Couldn't say. With 3000MB/sec write speeds, I can't tell you what's good or bad.







It seems to nearly max out one core when benching in CrystalDiskMark.
Quote:


> Originally Posted by *Blameless;14507752*
> How is disk I/O managed as things are moved to the drives? Any slowdowns?


Depends. You can tweak it to have whatever behaviour you want. On one drive I use a short but large write buffer for FRAPS recording. It lets me grab close to a minute of footage at 2048x1152 on a lowly WD Green, but it tries to dump it to disk as fast as possible.
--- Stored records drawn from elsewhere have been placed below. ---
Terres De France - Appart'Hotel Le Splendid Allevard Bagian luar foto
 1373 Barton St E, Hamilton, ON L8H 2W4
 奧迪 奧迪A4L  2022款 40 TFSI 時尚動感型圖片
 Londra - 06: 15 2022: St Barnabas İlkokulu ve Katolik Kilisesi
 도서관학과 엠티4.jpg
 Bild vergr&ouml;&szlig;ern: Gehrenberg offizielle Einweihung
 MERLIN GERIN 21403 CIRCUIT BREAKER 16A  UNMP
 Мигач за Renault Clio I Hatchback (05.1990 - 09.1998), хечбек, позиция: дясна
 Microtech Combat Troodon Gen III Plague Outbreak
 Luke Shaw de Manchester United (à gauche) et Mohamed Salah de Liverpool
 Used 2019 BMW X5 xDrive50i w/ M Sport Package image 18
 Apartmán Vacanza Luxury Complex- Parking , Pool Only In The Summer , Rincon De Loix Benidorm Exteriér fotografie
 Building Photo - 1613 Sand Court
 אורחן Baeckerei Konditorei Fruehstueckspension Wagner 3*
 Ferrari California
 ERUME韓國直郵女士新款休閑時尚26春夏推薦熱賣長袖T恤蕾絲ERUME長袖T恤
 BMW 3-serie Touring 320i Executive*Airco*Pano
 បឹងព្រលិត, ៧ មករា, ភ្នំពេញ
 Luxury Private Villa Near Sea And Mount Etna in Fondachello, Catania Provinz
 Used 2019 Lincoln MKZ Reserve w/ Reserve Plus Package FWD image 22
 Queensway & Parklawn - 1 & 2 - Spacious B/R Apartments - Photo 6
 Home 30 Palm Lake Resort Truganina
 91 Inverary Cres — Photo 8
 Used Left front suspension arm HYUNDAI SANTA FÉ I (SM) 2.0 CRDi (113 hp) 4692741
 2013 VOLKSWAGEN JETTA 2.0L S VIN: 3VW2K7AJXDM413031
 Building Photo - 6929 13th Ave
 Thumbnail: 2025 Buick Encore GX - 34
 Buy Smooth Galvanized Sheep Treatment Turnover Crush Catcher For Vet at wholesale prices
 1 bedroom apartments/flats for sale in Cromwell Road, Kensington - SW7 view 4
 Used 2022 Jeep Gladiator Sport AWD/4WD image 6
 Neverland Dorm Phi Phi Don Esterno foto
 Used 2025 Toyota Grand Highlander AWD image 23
On my OS drive I use "write averaging", which apparently leaves gaps between writes for reads to take place. It continually adapts based on the average access time. Even when huge copies are taking place, my web browser and stuff remain fairly responsive.
Quote:


> Originally Posted by *Blameless;14507752*
> I've noticed that Window's cache (or maybe Intel's write back cache is responsible) will let me save or write large files much faster than my drives are actually capable of, but that there is a noticeable slow down until things are actually finished writing to the disk.


Definitely write-back cache.

This does the same thing. After unzipping Sun Javadocs in 4 seconds rather than 40 seconds, the drive is slow for a good 15-20 seconds afterwards. (presumably it's writing tons of small files to the drive)

For some tasks the difference is enormous.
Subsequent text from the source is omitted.